Henry VI, Part III: Analysis of Setting

First published: 1595

First produced: c. 1590-1591

Type of work: Drama

Type of plot: Historical

Time of work: 1455-1471

Asterisk denotes entries on real places.

Places Discussed

*Towton

*Towton. Small Yorkshire town near which a great battle is fought. For Shakespeare’s audience, the Battle of Towton represented the Wars of the Roses at their worst. On stage political discord appears as familial discord when fathers and sons, fighting on opposite sides, kill each other. Elizabethans believed that civil war dismembered the body politic, and on the battlefield physical bodies are dismembered as when Lord Clifford’s head is cut off and put on the gates of York to replace the duke of York’s head. The battlefield also juxtaposes King Henry’s political weakness with his moral stature. Henry, dismissed by his own supporters and forgotten in this battle for his crown, sits on a molehill, a symbol of his departed authority. However, while the king sits stripped of his royal dignity, he serves as a chorus, testifying to the human costs of the battle around him.

*Tower of London

*Tower of London. Famous castle and prison alongside the River Thames in London. Richard of Gloucester murders King Henry in the Tower, foreshadowing Richard’s more famous Tower murders in Shakespeare’s earlier play Richard III (1592-1593). In the tower, Henry VI, once the king of England and France, lives and dies as a helpless prisoner, an almost fitting end for a man who could not rule his powerful nobles.

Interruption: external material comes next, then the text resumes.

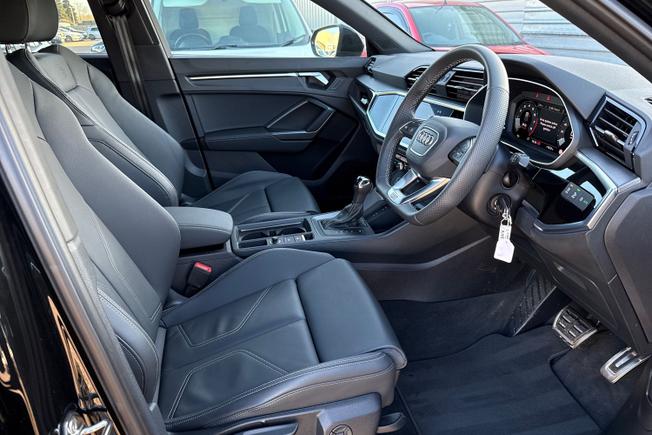 AUDI Q3 Photo 25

Paradoxically, however, it is inside this prison that the ineffectual Henry grows into a prophet, foreseeing in young Henry of Richmond a great future king and in Richard a tyrant.

*Royal palace

*Royal palace. Edward IV’s court in London. In a play dominated by battle scenes the royal palace serves as a theatrical respite. Edward, while at court and apparently secure on his throne, pursues the widow Elizabeth Grey as he had once pursued the crown. Romantic intrigues replace military strategy, and battles yield to bawdy jokes and double entendres. But any security here is temporary; the discord produced by civil war continues. Edward’s wooing of and subsequent marriage to Elizabeth will only renew the Wars of the Roses. More ominously, it is at the court that Richard of Gloucester gives his famous soliloquy, announcing his ambition to become king.

Bibliography

Evans, Gareth Lloyd. The Upstart Crow: An Introduction to Shakespeare’s Plays. London: J. M. Dent and Sons, 1982. A comprehensive discussion of the dramatic works of William Shakespeare. While emphasis is on critical reviews of the plays, there are also discussions of sources, as well as material on the circumstances which surrounded the writing of the plays.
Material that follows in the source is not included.